Algumas atletas ficam mais rápidas. Algumas ficam mais lentas. Algumas amam o processo evolutivo de equilibrar a maternidade e o atletismo. Algumas choram até dormir com o peso de tudo isto. Alguns corpos e cérebros prosperam, outros vivem tempos difíceis que apenas alguns entes queridos podem conhecer. A maioria, mistura todos estes sentimentos e medos, num momento ou outro.
A incerteza
Todas estas histórias são igualmente válidas. Eu escrevi este artigo agora, porque a minha esposa está grávida de 30 semanas do nosso primeiro filho. Ela é uma das melhores atletas do mundo, com cinco campeonatos nacionais e dezenas de recordes de percursos que confundem a mente. Mas alguns meses antes da concepção, ela sentiu uma dor no peito que acabou sendo um problema cardíaco. Ela mal se exercitou durante a gravidez, as suas corridas de 32 quilómetros foram substituídas por viagens diárias ao riacho onde lemos livros e tomamos banho na natureza. Tem sido um processo simultaneamente bonito e assustador até agora, e imagino que isto não vai parar tão cedo.

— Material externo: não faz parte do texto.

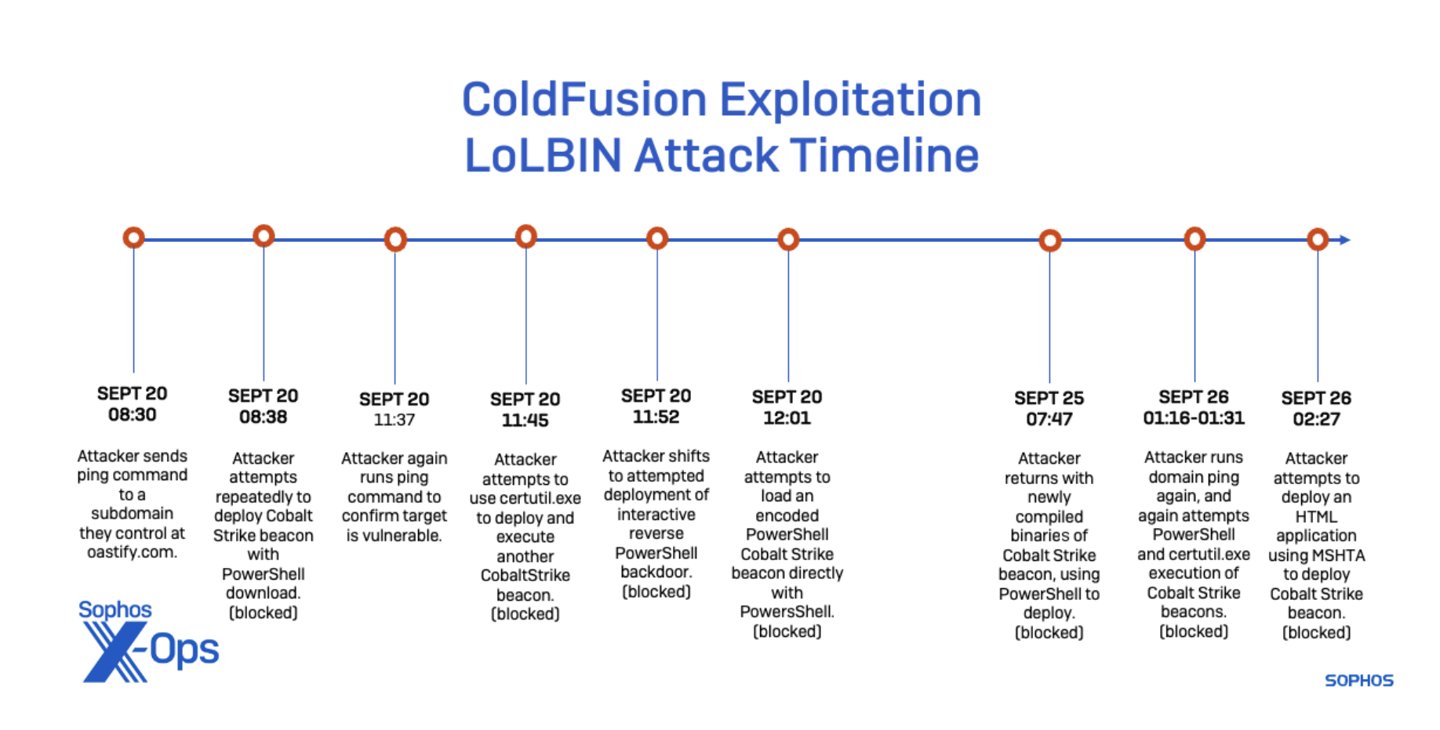 安全公司：有黑客锁定旧版 Adobe ColdFusion 用户散布勒索软件
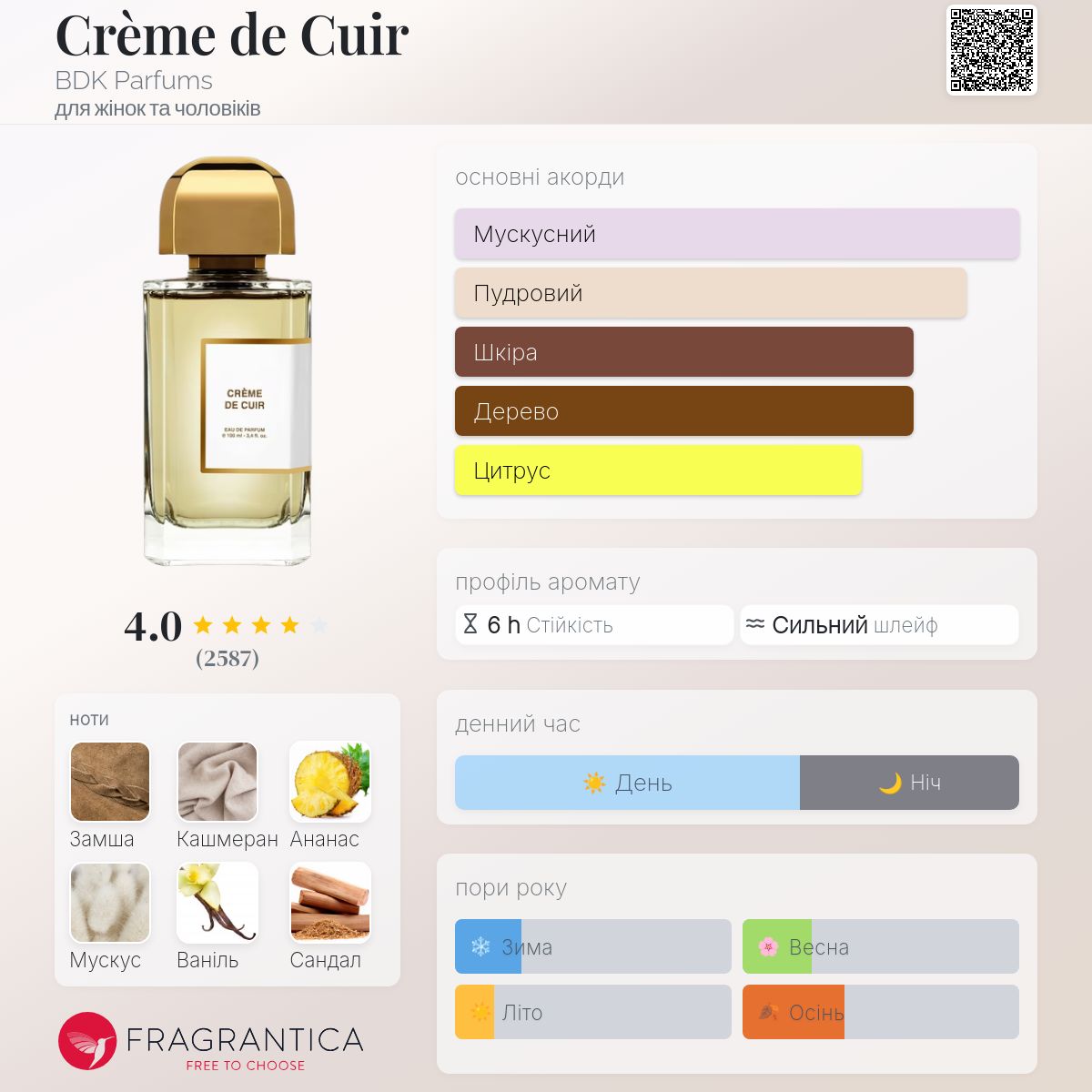 Crème de Cuir BDK Parfums аромат - аромат для жінок та чоловіків 2018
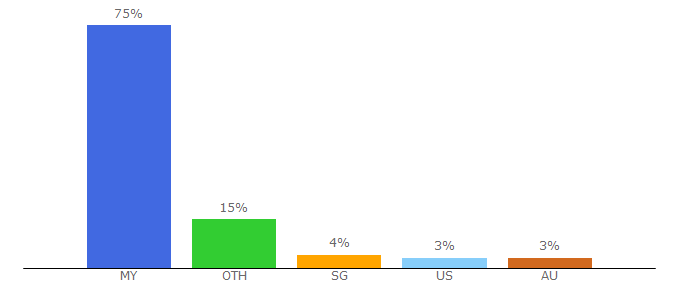 Top 10 Visitors Percentage By Countries for jpn.gov.my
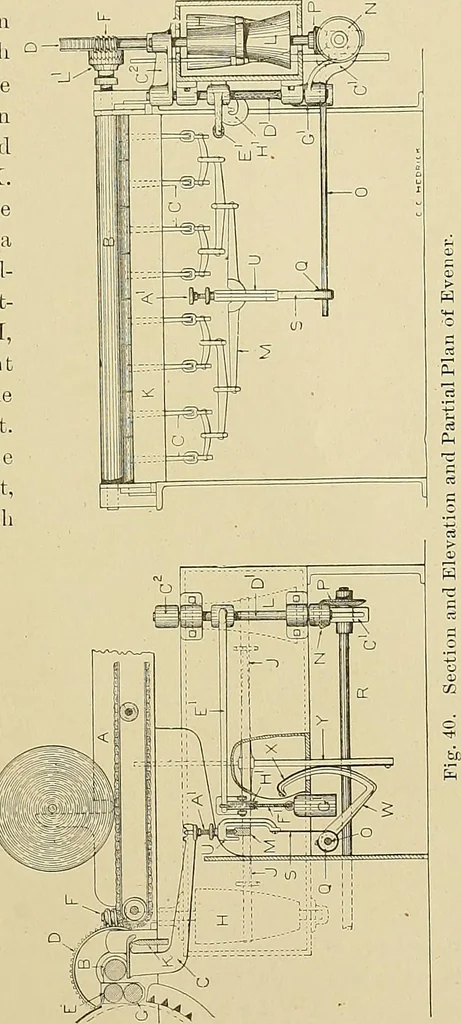 An illustration from Cyclopedia of textile work; a general reference library on cotton, woolen and worsted yarn manufacture, weaving, designing, chemistry and dyeing, finishing, knitting, and allied subjects, 1911, leaf 95
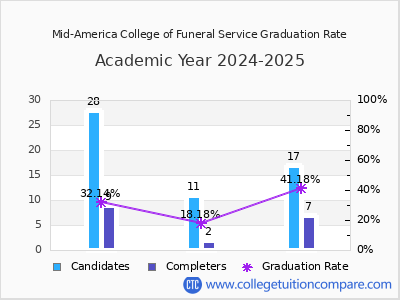 Mid-America College of Funeral Service graduation rate by gender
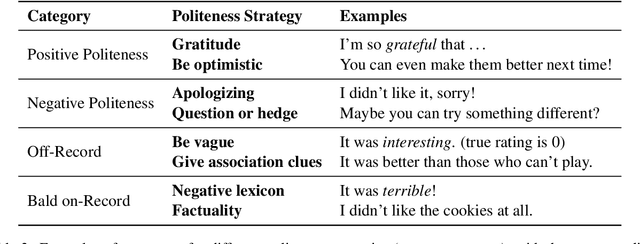 Figure 4 for Comparing human and LLM politeness strategies in free production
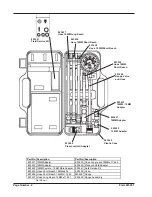 Preview for 2 page of Craftsman 47089 Manual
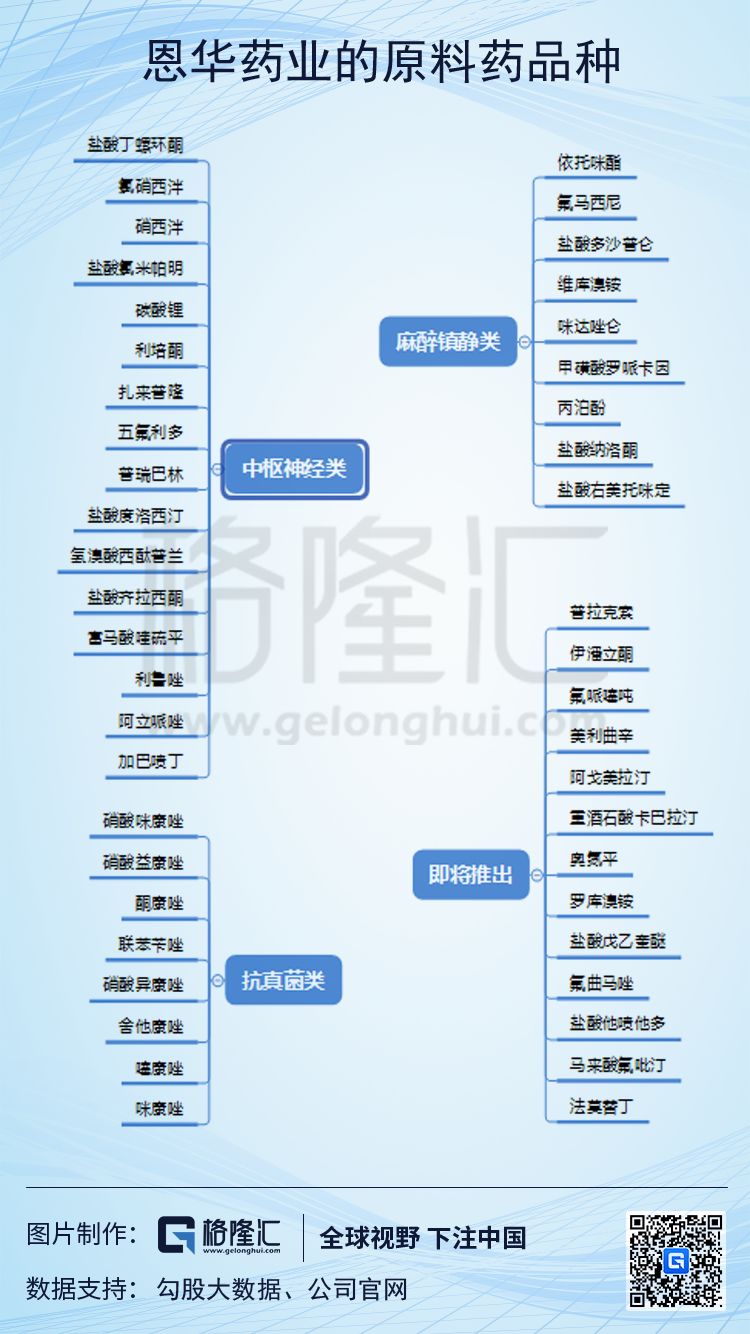 恩华药业长线牛股,恩华药业股票今天为什么跌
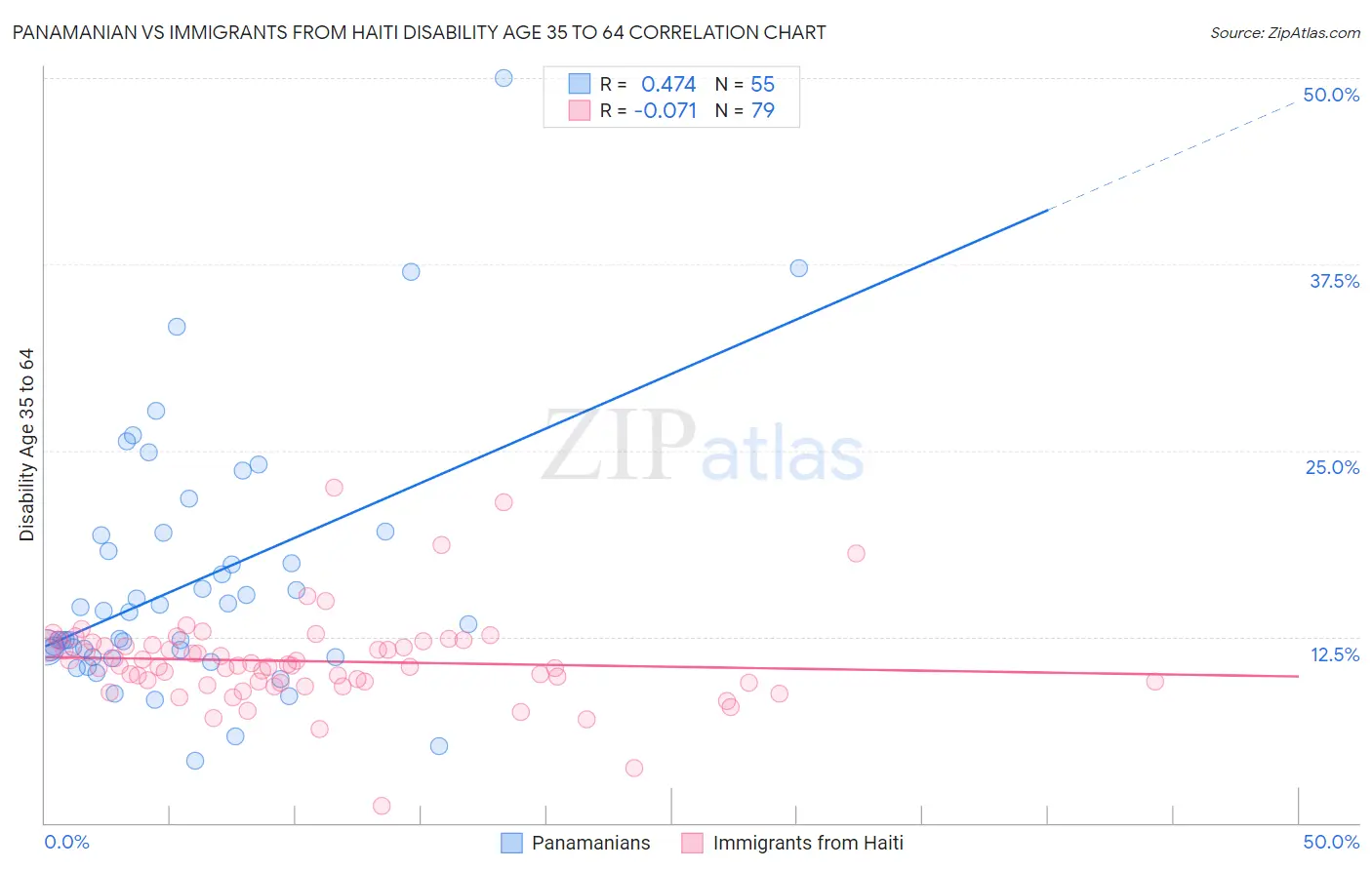 Panamanian vs Immigrants from Haiti Disability Age 35 to 64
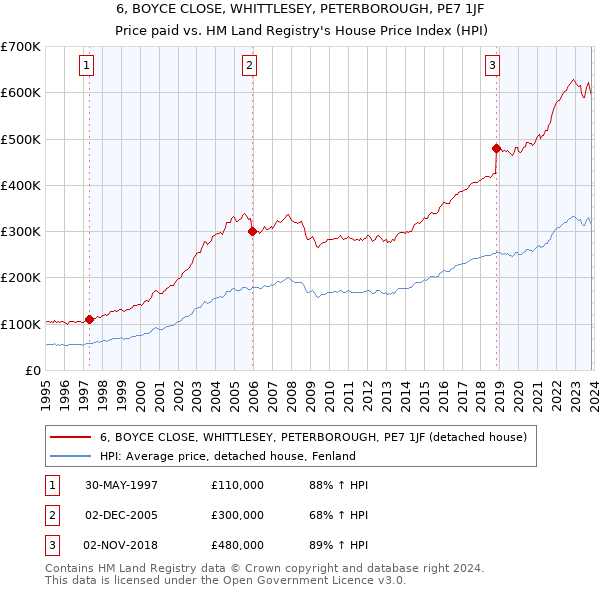 6, BOYCE CLOSE, WHITTLESEY, PETERBOROUGH, PE7 1JF: Price paid vs HM Land Registry's House Price Index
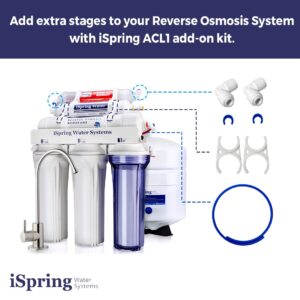 iSpring F9K 1-Year Reverse Osmosis Water Filter Replacement Cartridge Pack Set for 6-Stage Alkaline Mineral RO Filtration Systems + iSpring ACL1 RO Add-on Filter Kit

Uma atleta como Megan não se encaixa perfeitamente neste estudo. Sim, ela é elite. Mas ela não foi capaz de treinar durante a gravidez. Sim, ela não se lesionou. Mas é difícil lesionar-se a ler no riacho, fora dos recortes de papel. E sim, ela pretende voltar mais forte e mais rápido do que nunca. Mas não é uma escolha.
Se alguém pode fazê-lo, porém, é Megan. Este estudo adiciona algumas chávenas ao balde de esperança, para ela e outras atletas que estão a passar pelo processo da gravidez. Isto é tão emocionante! E ainda não muda o facto de que muitas das histórias em torno da gravidez não são claras e simples como a legenda deste artigo sugere.
Eu sei de uma coisa com certeza: Megan é a pessoa mais forte que eu já conheci. Se ela correr mais rápido no futuro ou não, bem, isso está fora do seu controle, embora eu ache que ela e outras atletas possam estar cheias de esperança realista e pragmática.
De qualquer forma, Megan é forte. Agora imagine o que ela pode realizar na vida com a Força da Mãe.